Softmax activation and cross entropy loss function
In the classification task, the softmax function is commonly used in the last layer.
The softmax function converts its input vector into probability distribution. As you can see from the figure above, the vector elements of softmax’s output are all positive, and their sum is 1. When we use softmax activation, we create nodes equal to the number of classes in the data set at the last layer of the neural network, and the softmax activation function will give the probability distribution on the possible classes. Therefore, the output of neural network will output to us the probability that the input vector belongs to each possible class. We choose the class with the highest probability as the prediction of neural network.
When the softmax function is used as the activation function of the output layer, the cross entropy loss is usually used as the loss function. Cross entropy loss measures the similarity of two probability distributions. We can express the real label of the input value x as a probability distribution: the probability of the real class label is 1, and the probability of the other class label is 0. This representation of the tag is also known as a hot code. Then we use cross entropy to measure the closeness between the predicted probability distribution and the real probability distribution.
Where y is a heat code of the true tag, y hat is the probability distribution of the prediction, and Yi, Yi hat are the elements of these vectors.

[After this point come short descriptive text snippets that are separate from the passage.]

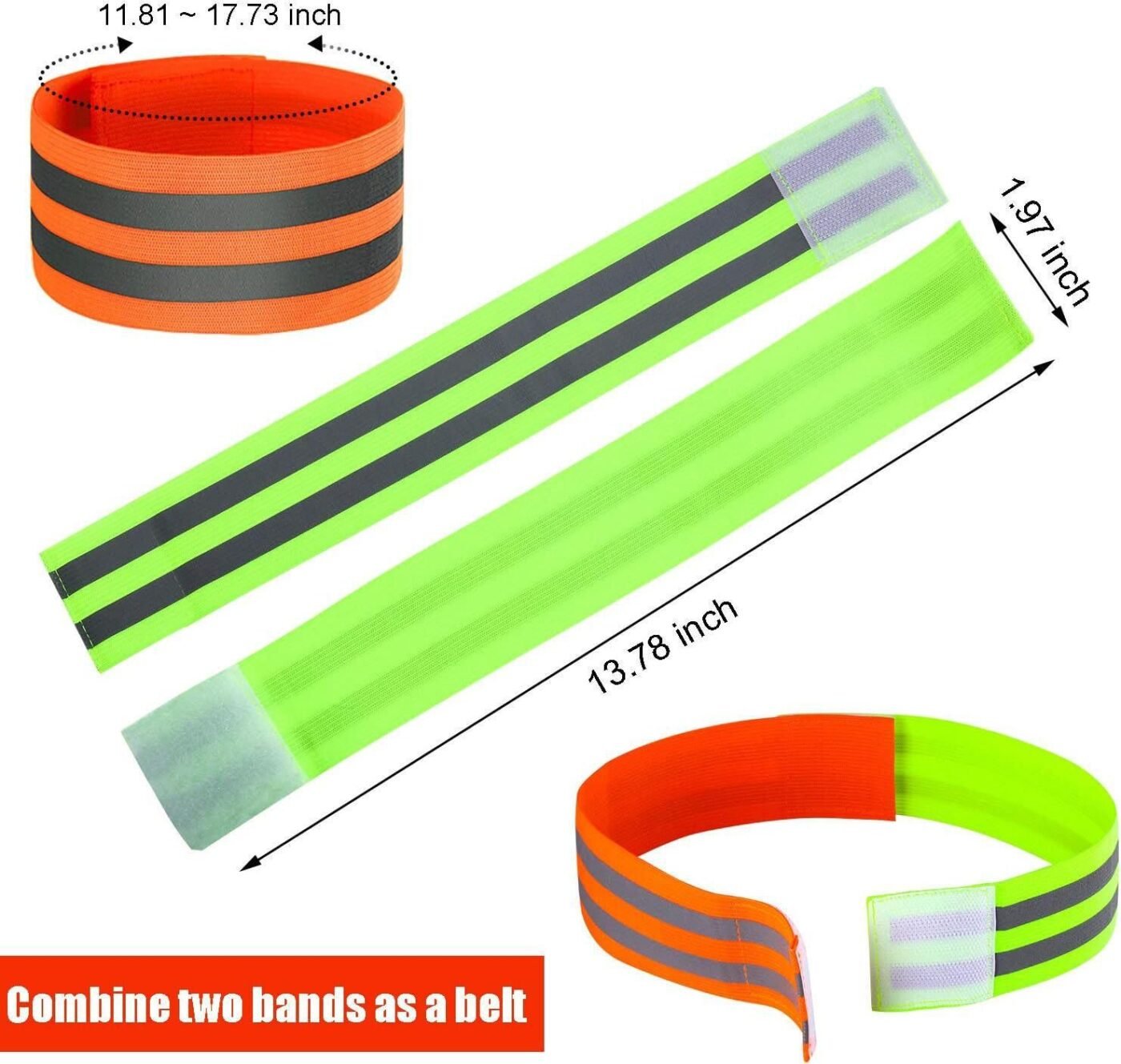 16 PCS Reflective Bands Reflector Bands for Wrist, Arm, Ankle, Leg,Reflector Tape Straps for Night Walking, Cycling and Running-(Orange+Green) 3 16 PCS Reflective Bands Reflector Bands for Wrist, Arm, Ankle, Leg,Reflector Tape Straps for Night Walking, Cycling and Running-(Orange+Green) - image 3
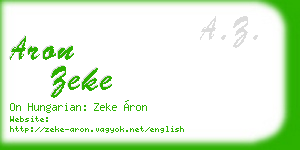 aron zeke business card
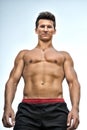 Man with bare muscular torso Royalty Free Stock Photo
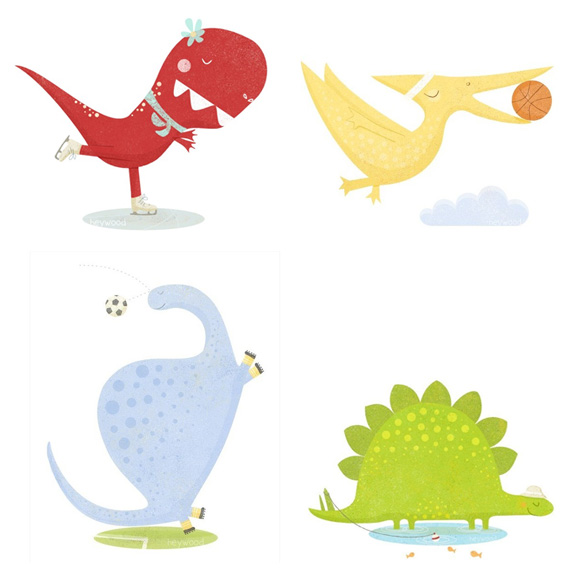 Dinosaur illustrations in Babies and kids room decoration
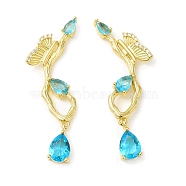 Sky Blue Cubic Zirconia Butterfly with Teardrop Dangle Sutd Earring, Brass Jewelry for Women, Cadmium Free & Nickel Free & Lead Free, Real 18K Gold Plated, 42x18mm, Pin: 0.8mm(EJEW-H092-02G)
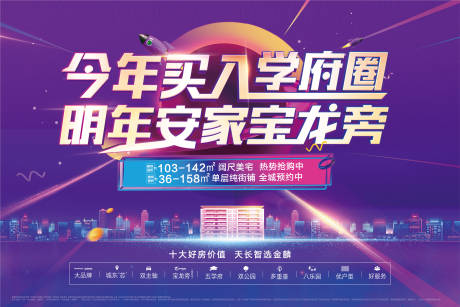 源文件下载【地产学府繁华海报】编号：46790010396353154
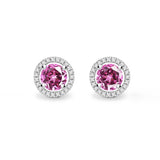 VOGUE - Round Pink Sapphire & Diamond 18k White Gold Halo Earrings Earrings Lily Arkwright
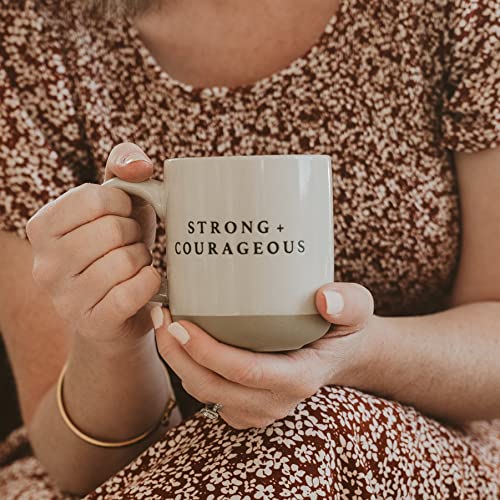 Sweet Water Decor Strong and Courageous Stoneware Coffee Mug | Mom Mug | Novelty Coffee Mugs | Microwave & Dishwasher Safe | 14oz Coffee Cup | Inspirational Gifts - style: Strong and Courageous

If the predicted probability distribution is close to a thermal code of the real tag, the value of the loss function will be close to 0. Otherwise, if they differ greatly, the value of the loss function may be infinitely large.
Mean square error loss function
Softmax activation and cross entropy loss are mainly used for classification tasks, while neural networks can easily adapt to regression tasks by using appropriate loss function and activation function at the last layer. For example, if we don’t have a class label as a basis, we have a list of numbers that we want to approximate, and we can use the mean square error (MSE) loss function. Usually, when we use the MSE loss function, we use identity activation (i.e., f (x) = x) at the last level.
To sum up, the learning process of neural network is just an optimization problem: we need to find the parameters to minimize the loss function. But it’s not easy. There are a lot of books about optimization techniques. Moreover, in addition to optimization, there are also problems in choosing the neural network structure for a given task.
I hope this article will help you and thank you very much for reading it.